As neonatologists, we have an opportunity to model jargon-free or jargon-lite communication styles to facilitate clarity in discussions with families in the NICU. This requires intentional approaches to avoid medical jargon (e.g., submental erythema), to encourage trainees to use universally understood terminology (e.g., redness under the chin), and the patience to explain jargon in ways that promote clarity. We also need to avoid jargon-trade, which qualifies one confusing term (e.g., the abbreviation ABDs) with additional obscure language (e.g., apnea, bradycardia, and desaturations). Refraining from the use of obscure, unnecessary terminology may help bypass the need to put a parent on the spot in front of a team of medical personnel. We should recognize that the “Do you have any questions?” spotlight phrase typically offered after a 10-min computer screen-focused discourse saturated in medical jargon, may be awkward and daunting for a parent. Therefore, a polite parental “No,” should not always be interpreted as “Well, they heard me, so now they know.”

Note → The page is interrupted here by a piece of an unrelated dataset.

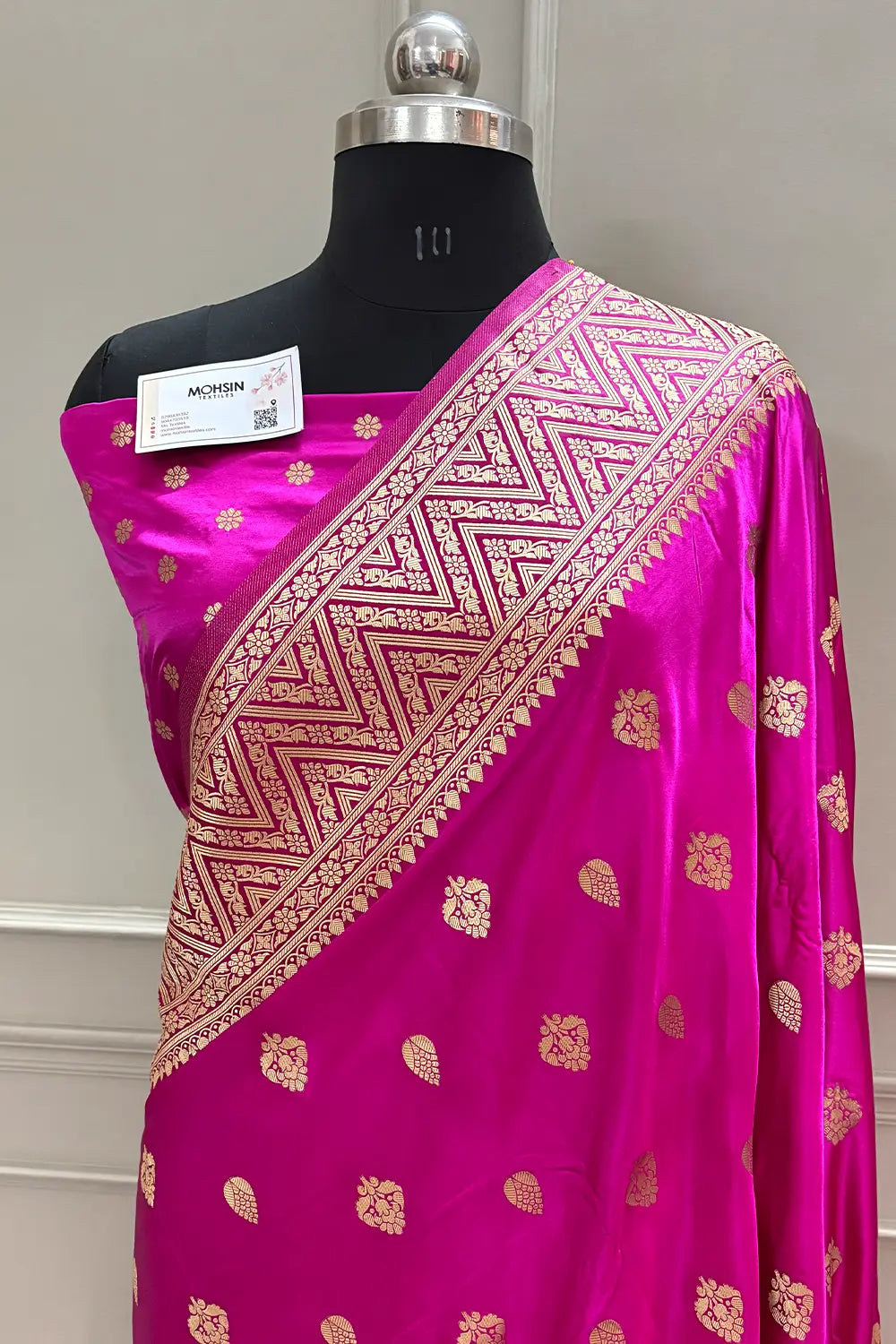 Pink Chagan Patti Katan Silk Banarasi Saree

To respectfully include families in rounds, we must strive for better ways to share information with parents that will allow them to actively participate and collaborate in their baby’s care. Avoiding medical jargon is an attainable step toward being more inclusive in the NICU. Periodic self- or peer-audits can promote increased awareness of jargon use and allow providers to revamp their vocabulary to help parents better understand medical terms and concepts.1 If jargon is used, clear explanations should follow and check backs should be used to assess parental understanding.2 Without taking time to explain our medical terminology, we promote a false sense of successful family-centered rounds in the NICU. As Shakespeare’s King Lear proclaimed, “Nothing will come of nothing,” (King Lear, Act 1, Scene 1). If we try to refrain from using jargon in the NICU, we can achieve more effective communication with parents, which is at the core of family-centered care.